For ethnic origin of Yugur group, most scholars stated that ancient Huihe people living around Erhui River might be ancestors of Yugur group. After Huihe Khanate fell apart during the Tang dynasty, some survivors begun their western migration and settled in regions around Qilian mountain and Hexi corridor. As Hexi corridor being conquered by Mongolian in the 13th century, Huihe individuals living here were ruled by Mongolians. Both ethnic groups (Huihe and Mongolian group) got along with each other swimmingly and gradually formed one new group Yugur. Furthermore, the Tibetan culture and Yugur group’s surrounding ethnic groups like Tu nationality also contributed to the formation of today Yugur group [26, 44]. By assessing genetic distributions of six X-STR loci in Yugur group, Chen et al. found that Yugur group located in one branch with Tibetan, Xi’an Han and Mongolian groups in the phylogenetic tree and they suggested Yugur group was closely related with Tibetan, Mongolian, and Han populations [25]. Research on HLA allele and haplotype distributions demonstrated that Yugur group had close genetic relationships with northern China populations like Tu, Hui, Beijing Han, and Tibetan groups [28]. In this study, based on 30 InDels, close genetic relationships between Gansu Yugur group and Tibetan, Gansu Dongxiang groups were observed, which might attribute to gene and culture interactions of these populations in history. For the other studied Guizhou Miao group, close genetic relationships among the studied Guizhou Miao group and Guangxi Dong, Guangxi Miao and Guangxi Zhuang groups were observed.
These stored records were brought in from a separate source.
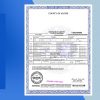 USA California Birth Certificate Doc Template - Fully editable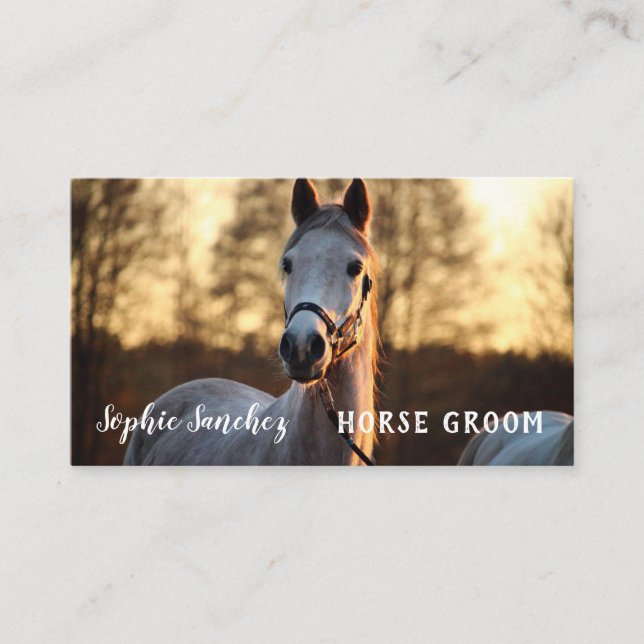 Carte De Visite Cheval Groom Photo Professionnel (Devant)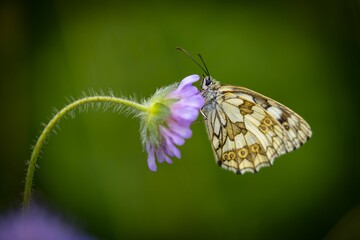 Closeup of a marbled white butterfly, Melanargia galathea on the tilted head of a purple flower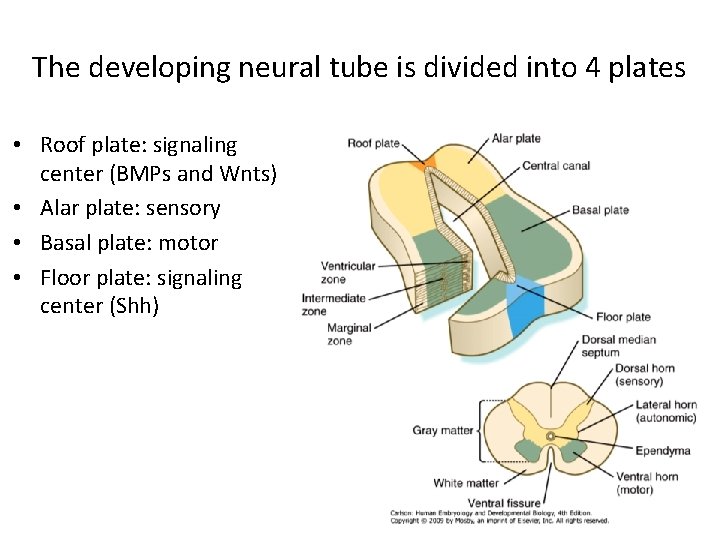 The developing neural tube is divided into 4 plates • Roof plate: signaling center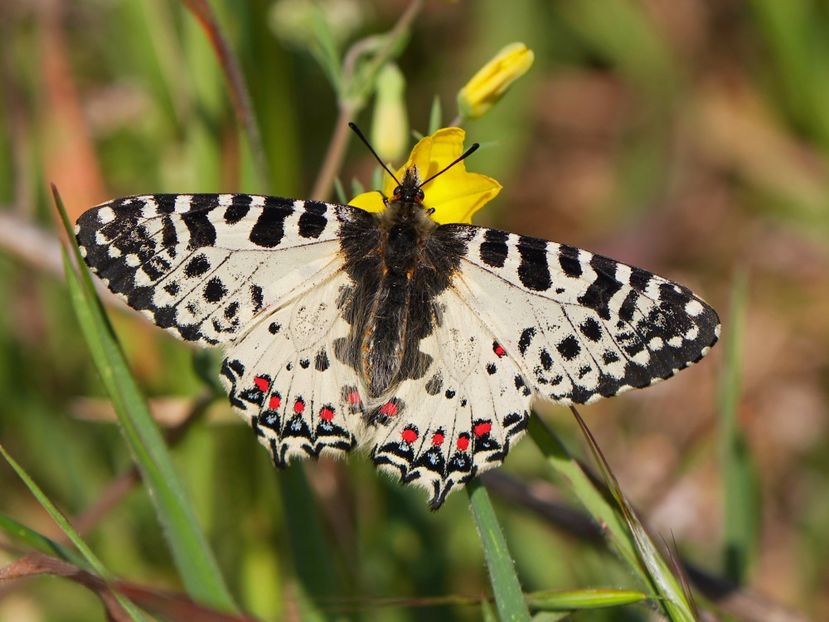 Zerynthia cerisyi (Eastern festoon) - Fluturi din Romania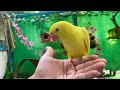 Meet (Mango) Cute Yellow Ringneck Parrot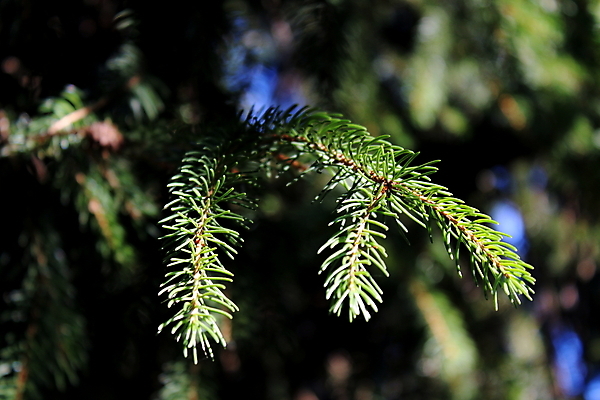 포토 JPG 해외이미지 나무 잎 자연 사람없음 야외 초록색 소나무 닫기 해외포토 식물 컬러 모션 생태계 파일형식 이미지허브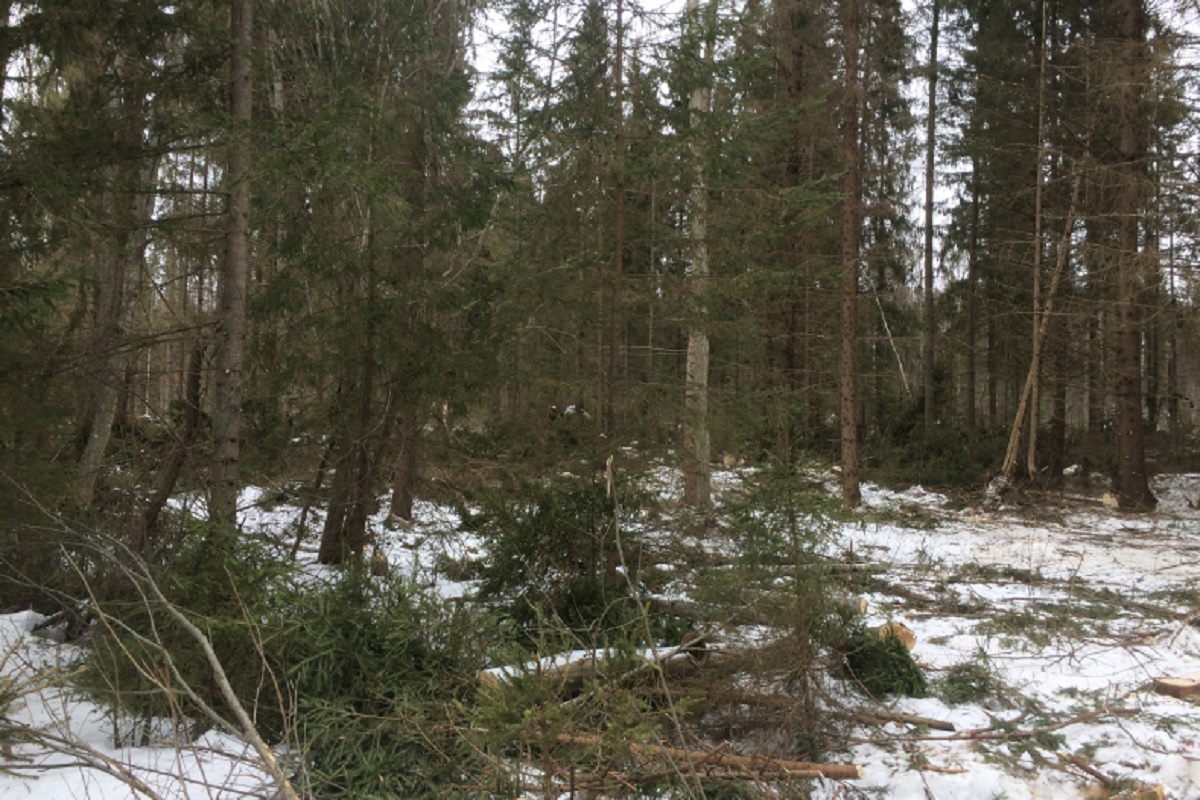 В Тверской области «черные» лесорубы нарубили ели и сосны на 200 тысяч рублей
Previous research on autosomal STRs in Miao group also found similar results: Miao group had relatively close genetic affinities with its neighboring populations like Guangxi Yao [45], Guangxi Dong, and Guangxi Bouyei populations [46]. Further analyses of Y-STRs, mtDNA, and ancestry informative markers in Gansu Yugur and Guizhou Miao groups should be conducted, which might be beneficial for parsing their ethnic histories and population migration process.

In conclusion, we presented genetic data of 30 InDel loci in Gansu Yugur and Guizhou Miao groups, which laid the foundation for forensic and population genetic studies in the future. Obtained CPD values supported that these InDels could be used for forensic personal identification in Gansu Yugur and Guizhou Miao groups.